## DATA FOR PROCESSING
* * * * * * *

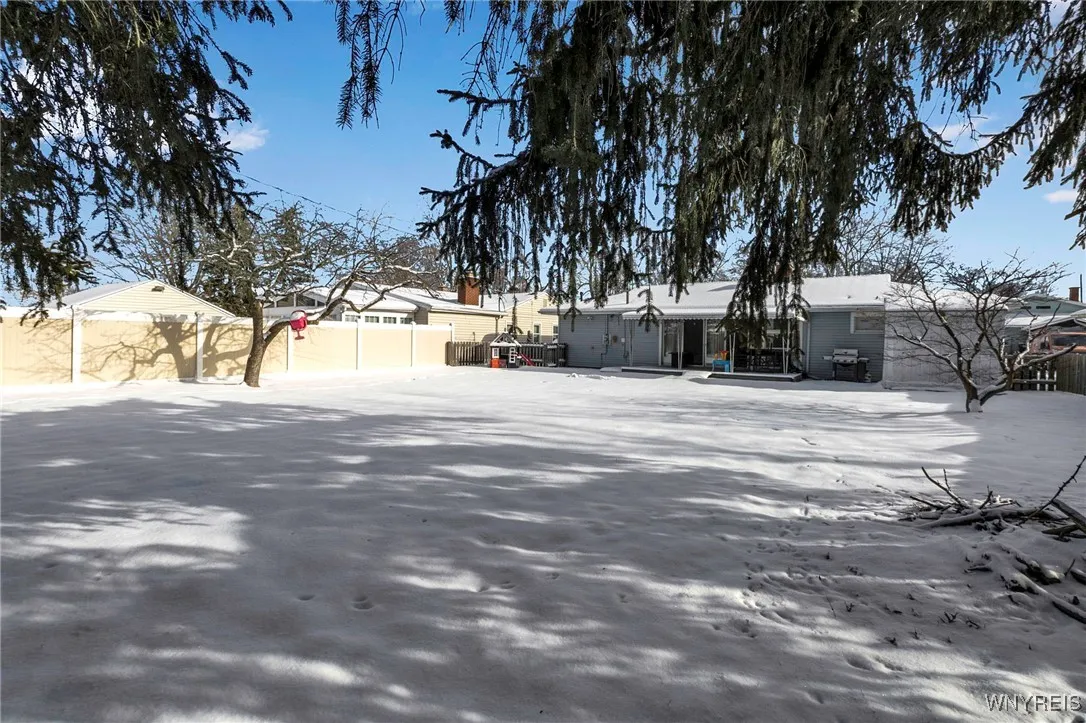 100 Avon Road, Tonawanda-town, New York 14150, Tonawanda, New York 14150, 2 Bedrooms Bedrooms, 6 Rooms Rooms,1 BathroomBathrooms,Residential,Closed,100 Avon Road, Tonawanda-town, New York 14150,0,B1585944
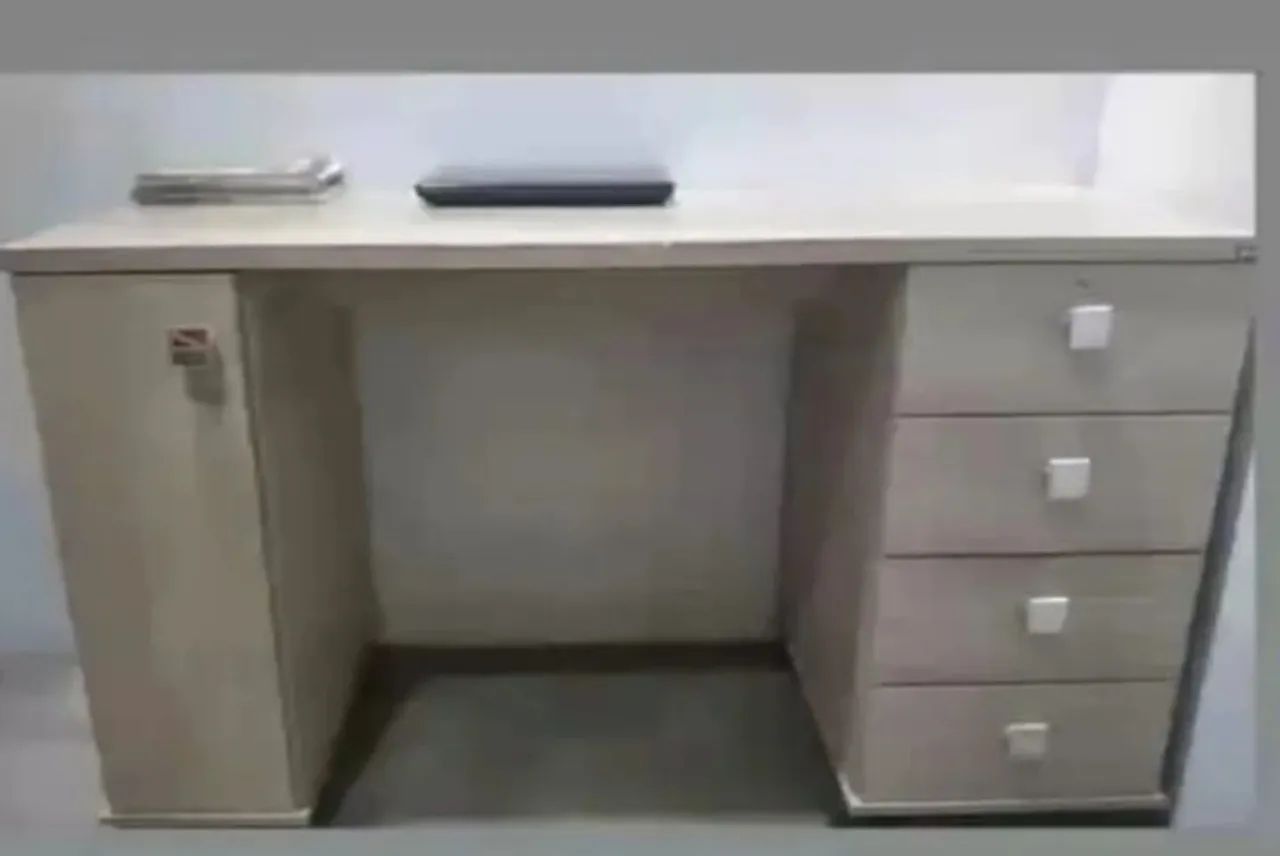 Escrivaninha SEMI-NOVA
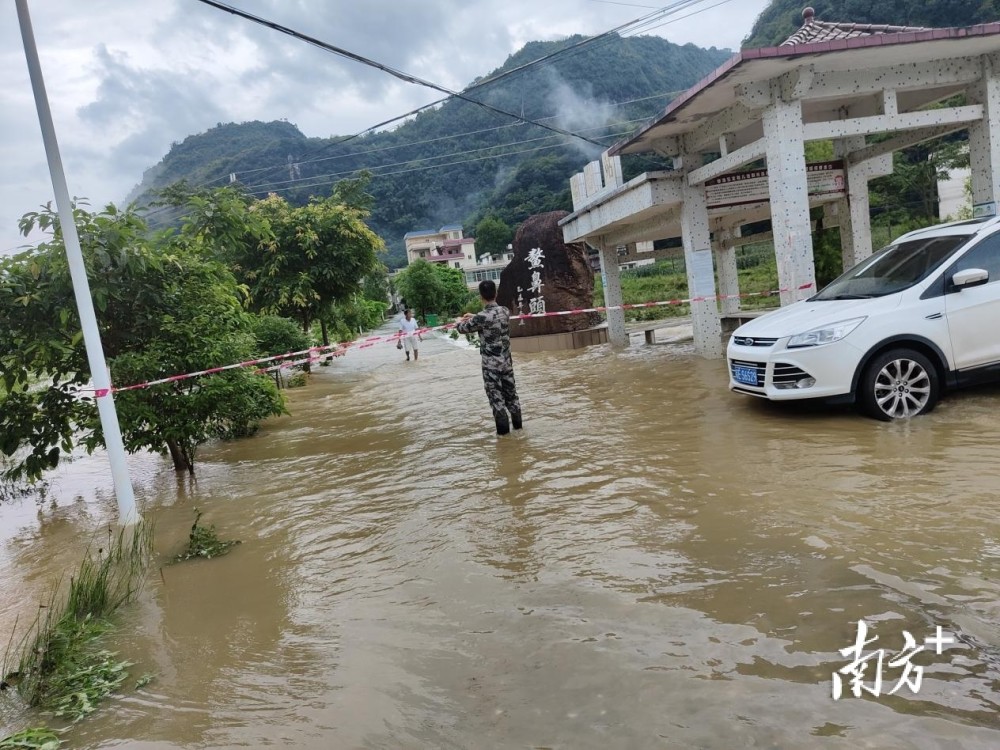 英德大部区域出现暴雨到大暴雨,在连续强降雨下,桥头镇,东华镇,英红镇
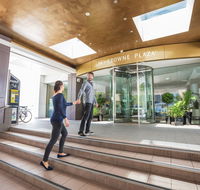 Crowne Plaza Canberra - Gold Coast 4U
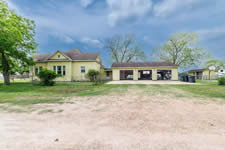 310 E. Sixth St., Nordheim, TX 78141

* * * * * * *

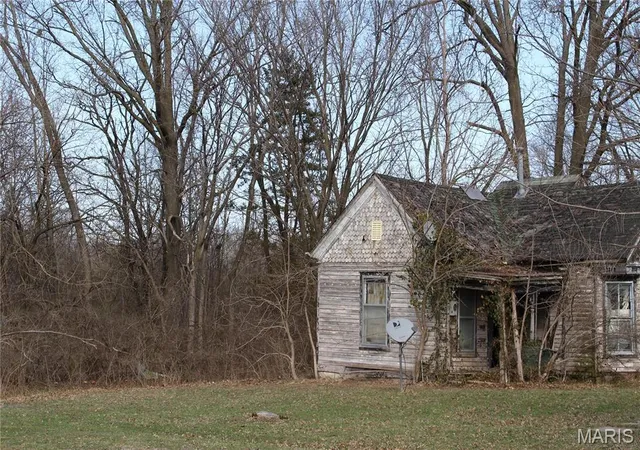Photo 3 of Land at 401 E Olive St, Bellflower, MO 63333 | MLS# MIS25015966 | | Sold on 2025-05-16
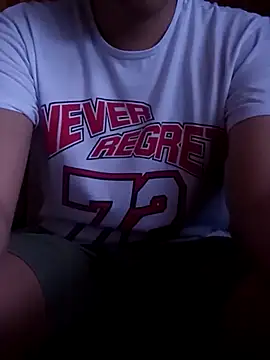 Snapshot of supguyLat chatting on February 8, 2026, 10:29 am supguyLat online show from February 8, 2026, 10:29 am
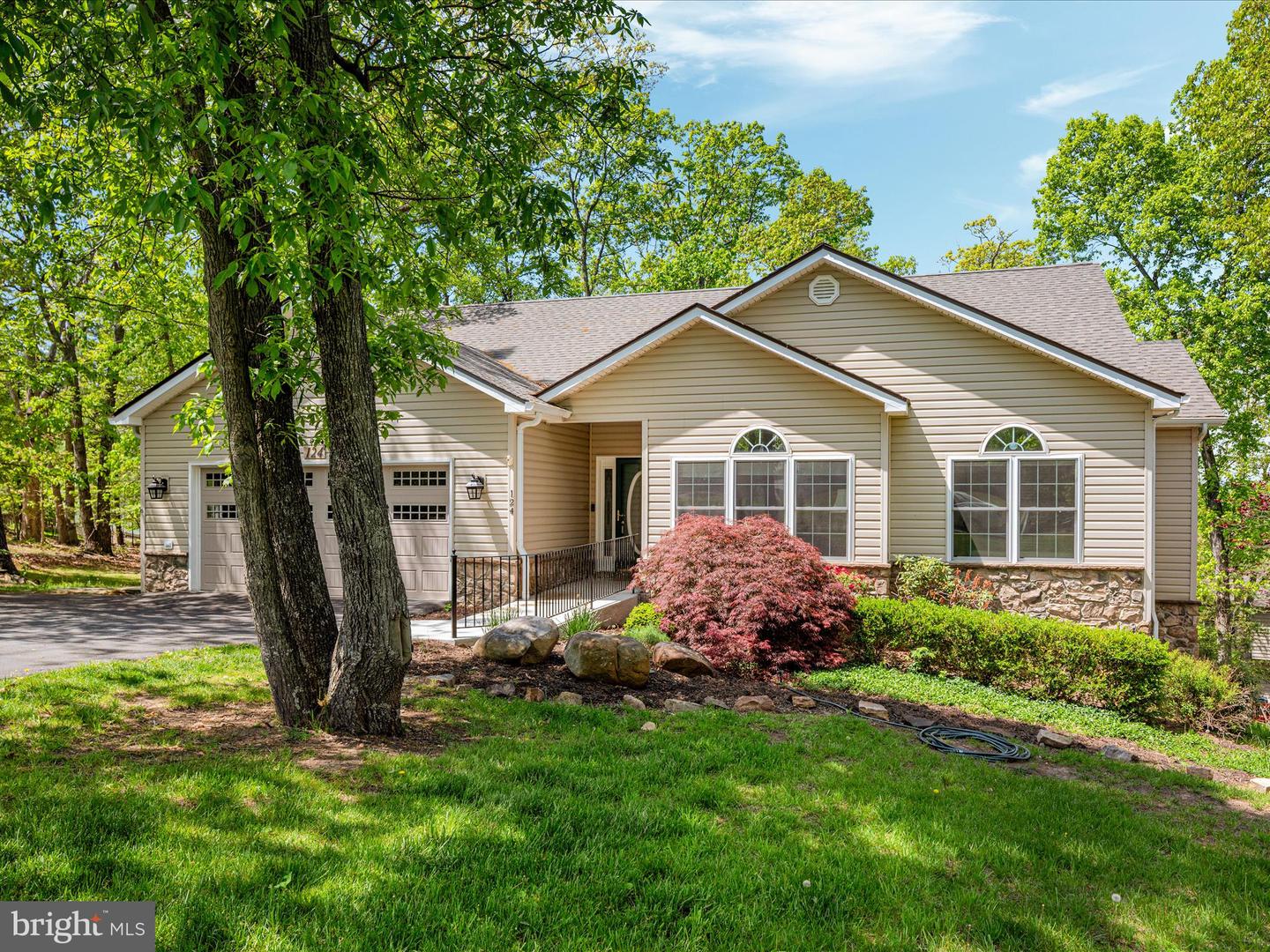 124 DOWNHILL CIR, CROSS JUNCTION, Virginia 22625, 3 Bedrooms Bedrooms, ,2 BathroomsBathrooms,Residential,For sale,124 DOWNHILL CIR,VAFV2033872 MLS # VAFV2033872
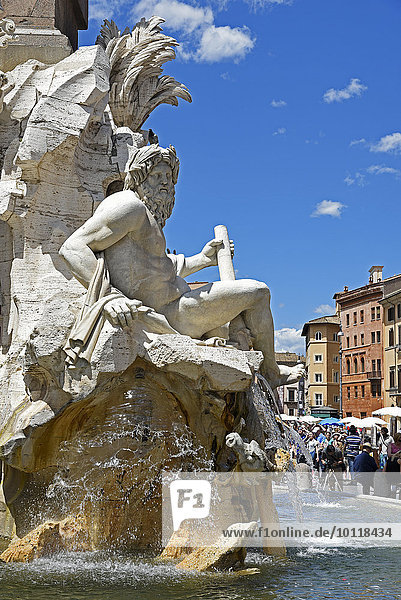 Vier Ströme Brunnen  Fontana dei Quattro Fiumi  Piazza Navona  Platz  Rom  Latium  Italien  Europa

* * * * * * *

## TASK DESCRIPTION
Nothing but the lines above from the line with "124 DOWNHILL CIR, CROSS" up to and including the line with "Vier Ströme Brunnen" should be returned, exactly as written and without pictures.

## EXERCISE RESULT
 124 DOWNHILL CIR, CROSS JUNCTION, Virginia 22625, 3 Bedrooms Bedrooms, ,2 BathroomsBathrooms,Residential,For sale,124 DOWNHILL CIR,VAFV2033872 MLS # VAFV2033872
 Vier Ströme Brunnen  Fontana dei Quattro Fiumi  Piazza Navona  Platz  Rom  Latium  Italien  Europa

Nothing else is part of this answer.